Golden rule: if it is not written, it is not in scope. Flag:

  • Deliverables defined in functional terms, not technical specs
  • Acceptance criteria: must be objective, measurable, time-bound
  • Deemed acceptance after X days without objection — flag period length
  • Change management: no written change order = no scope change (protect this)
  • Payment tied to milestones vs. calendar — milestone preferred

LOE (Letter of Engagement)

Simpler than MSA but same IP and liability risks. Watch:

  • Professional liability — is it capped?
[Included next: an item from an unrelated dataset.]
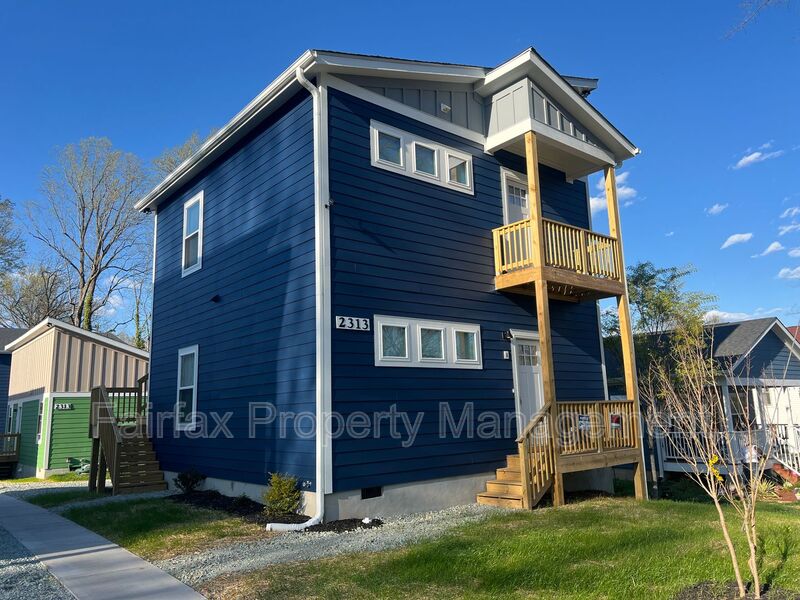 Durham Condo: 2313 Owen St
At what?
  • Engagement scope — is it specific enough to avoid later disputes?
  • Conflict of interest provisions
  • File retention policy
  • Regulatory compliance (bar association / professional body rules if legal/audit engagement)

Red Lines (Non-Negotiable for Anthropic-Context Contracts)

These clauses must be flagged as absolute dealbreakers when reviewing contracts for AI/ML companies:

  1. Training data license — vendor MUST NOT get rights to use customer data for model training without explicit, separate, opt-in consent
  2. Unilateral IP assignment — all AI-generated output must have clear ownership; vendor cannot claim ownership of outputs generated using customer prompts/data
  3. Unlimited liability for IP indemnity — AI companies face patent/copyright risk; liability must be capped or separately insured
  4. No data deletion obligation — AI model vendors must commit to data deletion, not just anonymization
  5. Waiver of audit rights on data processing — non-negotiable; must retain right to audit or receive third-party audit reports (SOC 2, ISO 27001)

Output Formats

| Situation | Output Format | |-----------|--------------| | Quick question ("is this clause ok?") | Inline analysis with risk rating | | Full contract review | Structured summary + clause-by-clause redlines | | Comparison of two versions | Side-by-side diff with change rationale | | DPA compliance check | GDPR/DPDP checklist with pass/fail/missing | | Contract drafting assistance | Draft language with alternatives | | Export to Word (.docx) | Use docx skill — redlines as tracked changes |


Important Disclaimers (Always Include in Output)

⚠️ This analysis is AI-generated legal guidance, not legal advice. Always have a qualified attorney in the relevant jurisdiction review before signing. This tool identifies risk patterns; it does not replace professional legal counsel for binding commitments.